I began to realize that despite the amazing advances in medical care, that Ethan’s life was not ever going to be one with much quality. I was fine with delays or handicaps, as long as he could be home. But he was a constant balancing act. I finally realized what they told me when he was diagnosed in utero. He was a VERY SEVERE HLHS. I love all my children and only want what’s best for them. At this point I started to realize that there were worse things than death. . . and my Ethan was living it. Even the look in his eyes were changing. The fire was fading. He had endured so much.
My husband and I were ready to move forward and try for transplant. We would have to move out of state because St Joseph’s was not Transplant Certified at this time. But I was also ready to move forward on another very important decision. . . I wanted to make my child a NO CODE, or DNR (do not resuscitate). My husband wasn’t ready for that though. We have strong religious beliefs and know there is life beyond the grave. We KNOW we will be with Ethan after this life. But my husband felt if we made that decision it was like we were giving up on Ethan.

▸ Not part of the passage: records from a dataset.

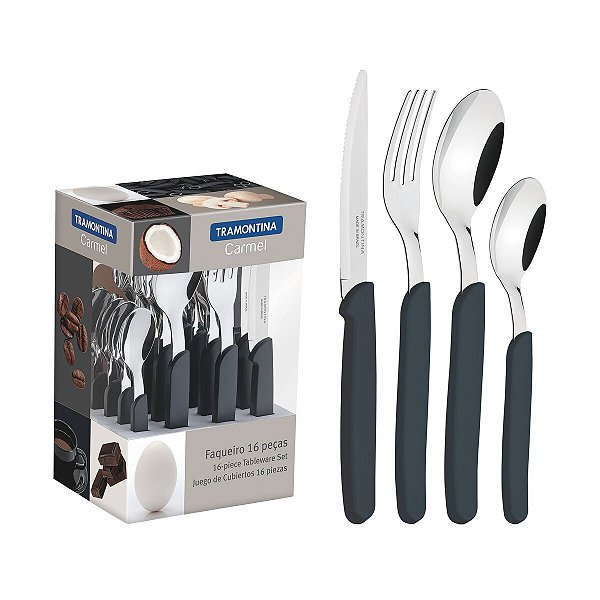 Faqueiro Talher 16 Cinza Escuro Carmel Tramontina 23499001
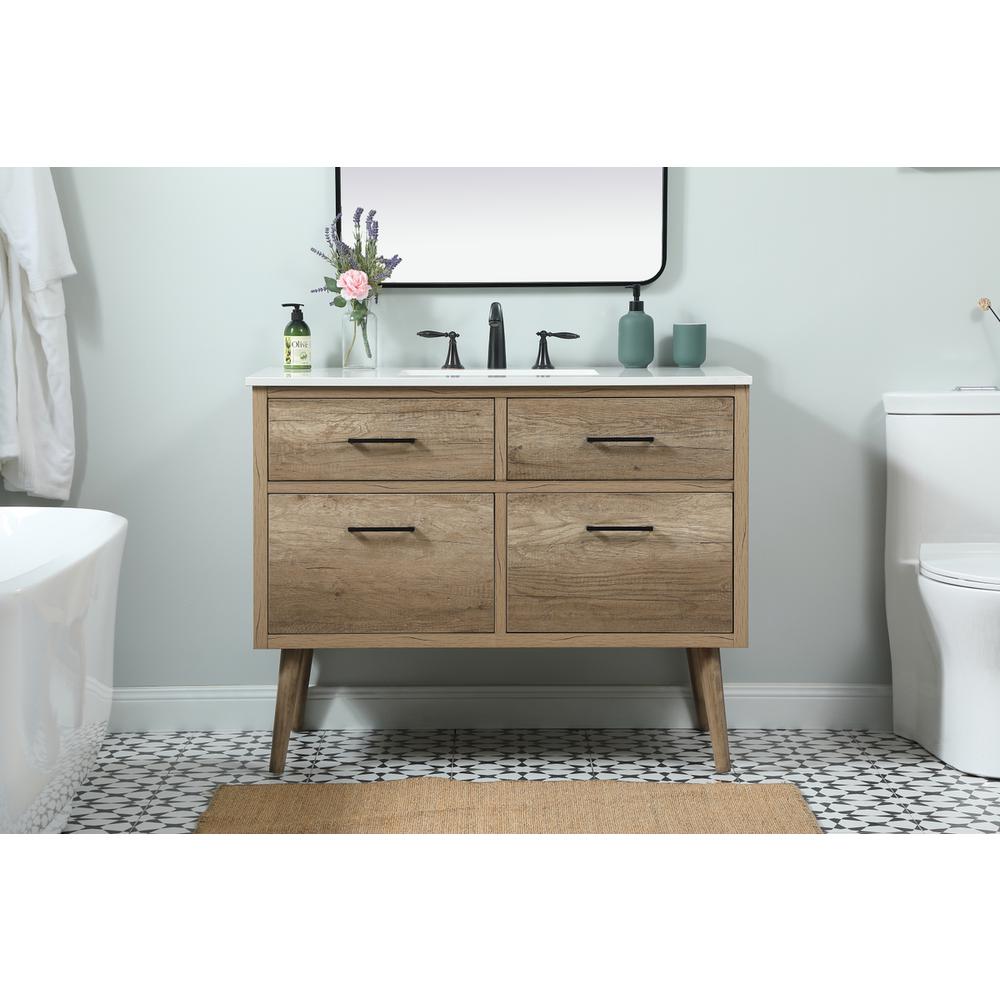 42 inch Single bathroom vanity in natural oak. Picture 14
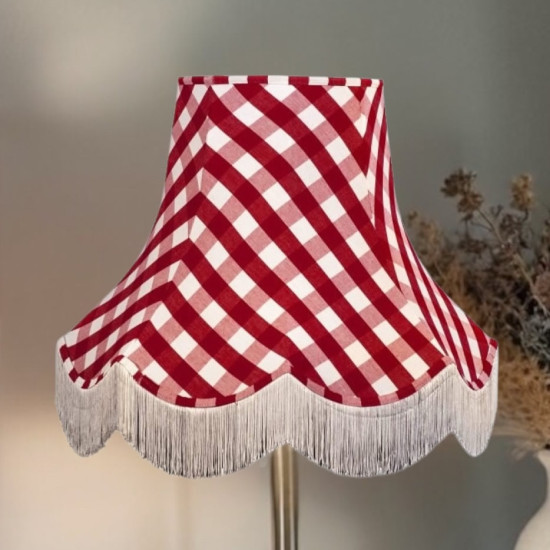 Rouge Red Gingham Check Fabric Lampshades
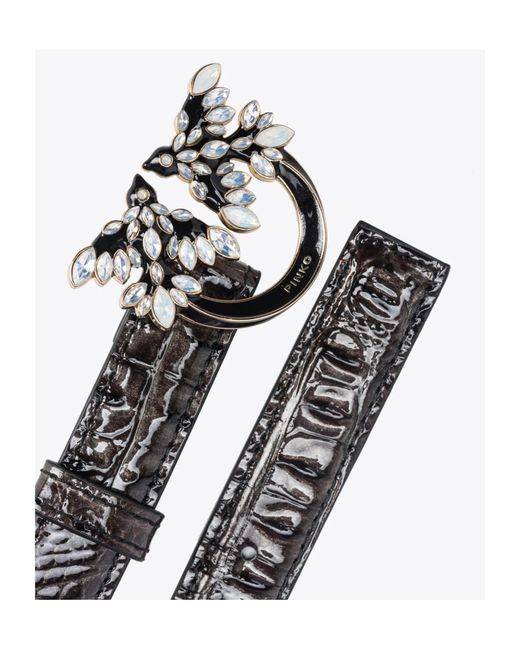 Pinko White Galleria Thin 2Cm Croc-Print Belt With Love Birds Buckle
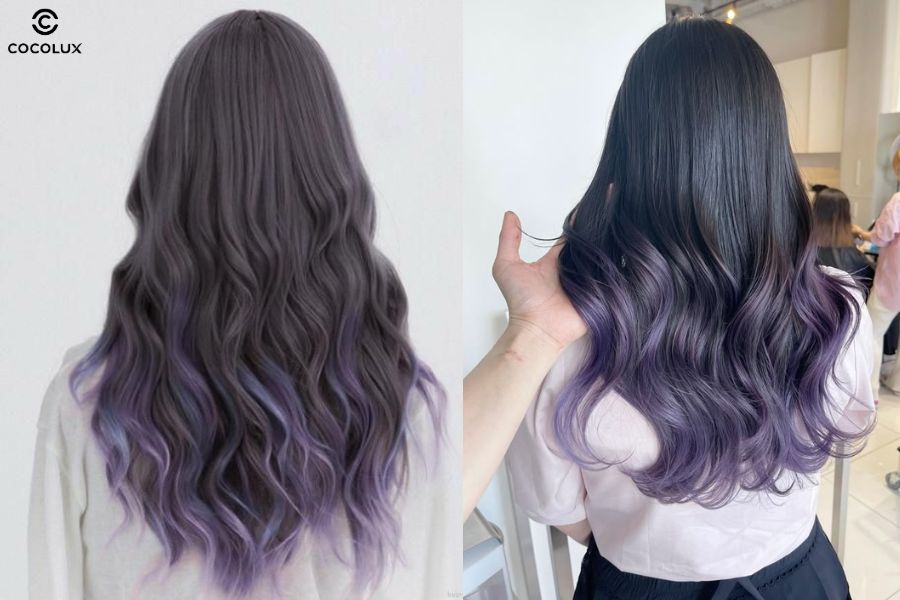 Highlight pastel nhẹ nhàng giúp tóc tím đen thêm phần tinh tế và dịu dàng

Over the next few weeks Ethan received another tracheotomy and swelled up to the size of the Pillsbury dough boy since they had to take him off his diuretics to let his kidneys recover. His fevers were real bad. More bad news kept coming. His initial blood work ups for Transplant showed he had a rejection factor in the 90th percentile. There was also initial talk that he may not even be a transplant candidate. We did all we could to comfort our sweet baby. He held our hands/fingers, we rubbed his beautiful head, and we sang to him. He LOVED it when we sang to him. Since the Glenn surgery I can count about 10 times that my husband and I were able to hold him. So finger holding and singing became our bonding time with Ethan.

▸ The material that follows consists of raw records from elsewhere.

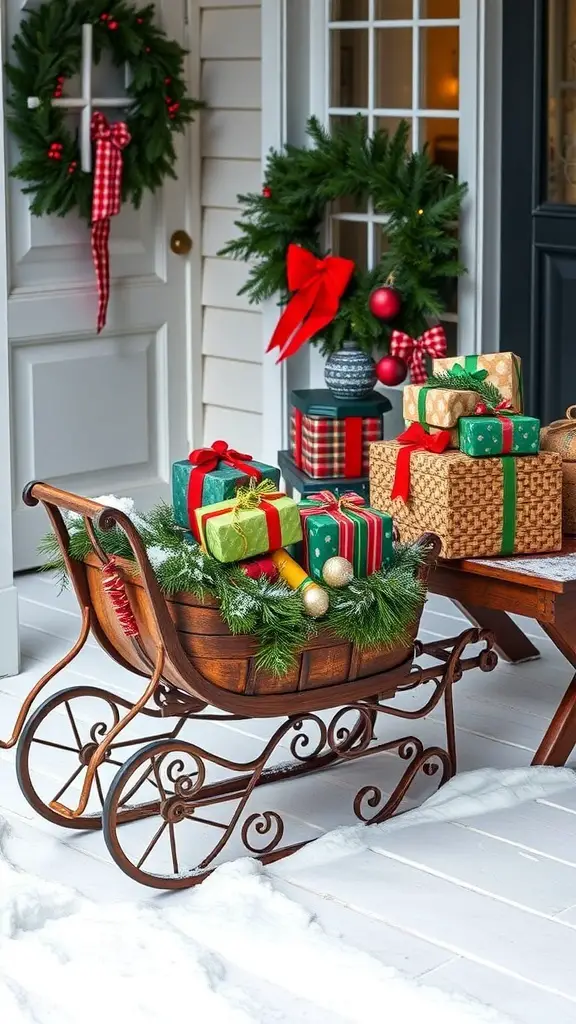 A vintage sleigh filled with gifts and surrounded by Christmas wreaths on a snowy porch.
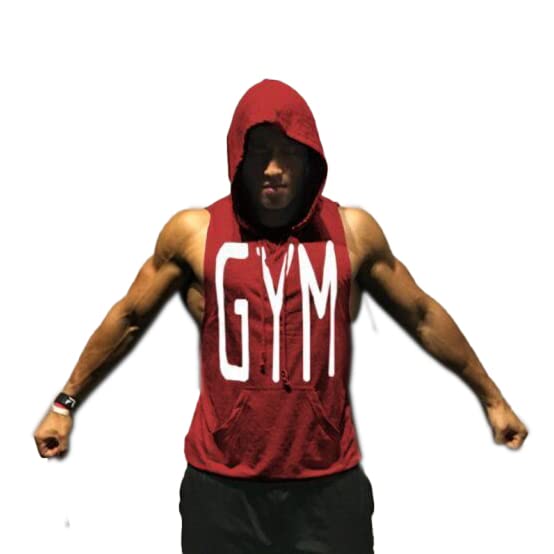 HerlaMen's Hooded Undershirt Tank Tops Bodybuilding Muscle Breathable T Shirt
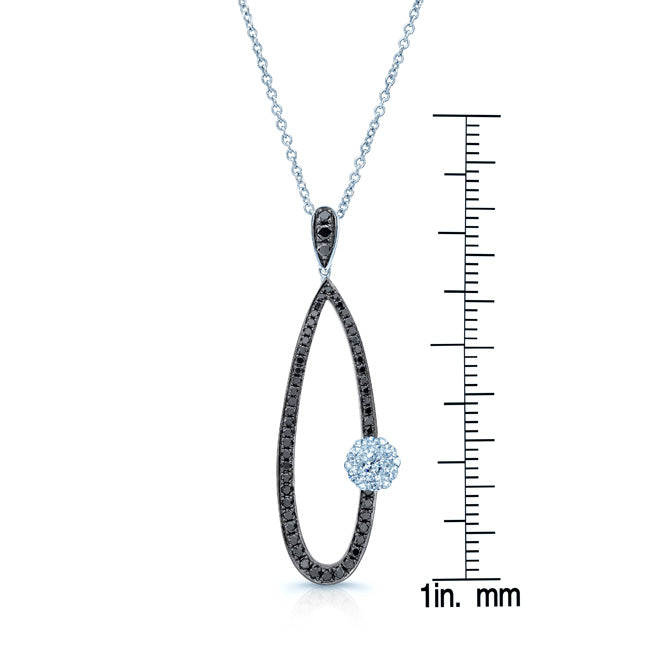 Black And White Diamond Long Tear Drop Pendant In 14k White Gold (si)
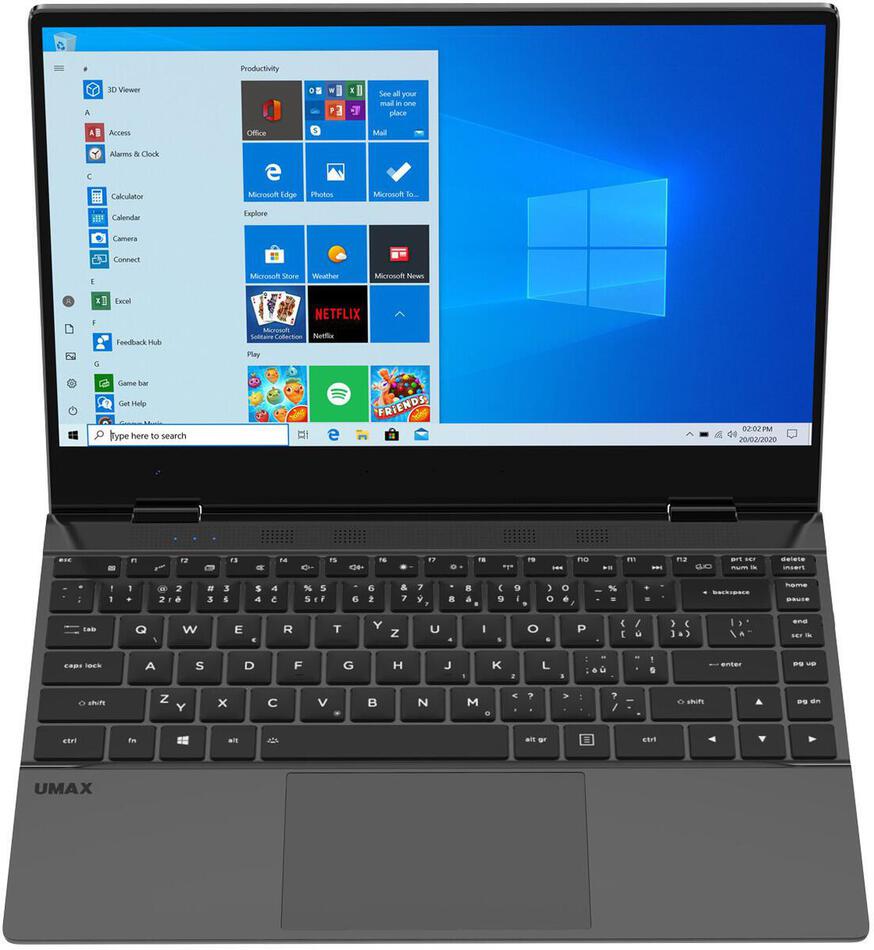 Notebook UMAX PC VisionBook 14Wg Flex, šedý (UMM220V14)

I approached my husband again about making him a DNR. We decided to make him a “short code”. We told them if he were to need full resuscitation that we would want them to try for 10-15 minutes and then let him go if he wasn’t responding by then. Less than a week after this decision a middle of the night phone call came. My husband had been with him and left just before midnight. Ethan was doing great so daddy decided to come get some sleep in his own bed. An hour after dad left, Ethan left. A short code was unsuccessful. Ethan’s milrinone (IV heart failure med) had been turned off that evening. He was just on an oral one now. His ventilator was switched to auto mode (meaning he was breathing on his own). They were going to take him off the ventilator in the morning. With his fragile heart and lungs this deemed too much change for him. He got a little bit off. He had been way worse at other times. But not this time. Just a little bit off. Like I said, he was ready. And more importantly he knew mom and dad were finally going to be okay with his exit. Not all will be able to choose their time to leave this mortality, but Ethan chose his time.

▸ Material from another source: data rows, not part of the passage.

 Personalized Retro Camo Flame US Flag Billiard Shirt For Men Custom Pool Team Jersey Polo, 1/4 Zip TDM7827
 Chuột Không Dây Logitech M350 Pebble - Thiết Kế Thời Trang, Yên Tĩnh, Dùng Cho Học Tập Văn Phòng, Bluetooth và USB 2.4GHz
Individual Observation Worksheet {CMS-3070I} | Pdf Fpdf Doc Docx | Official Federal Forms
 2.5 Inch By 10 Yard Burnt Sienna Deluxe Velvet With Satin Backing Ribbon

It would not be fair to end this story without acknowledging the amazing outpouring of support our family, and Ethan, received through this journey. We came to know so many wonderful people in the heart world. And our friends before this journey began, have become like family. We were shown love and service beyond measure. I still shed tears almost daily for Ethan. Some are tears of joy, and many for sorrow. But we are so grateful for the six months he gave us.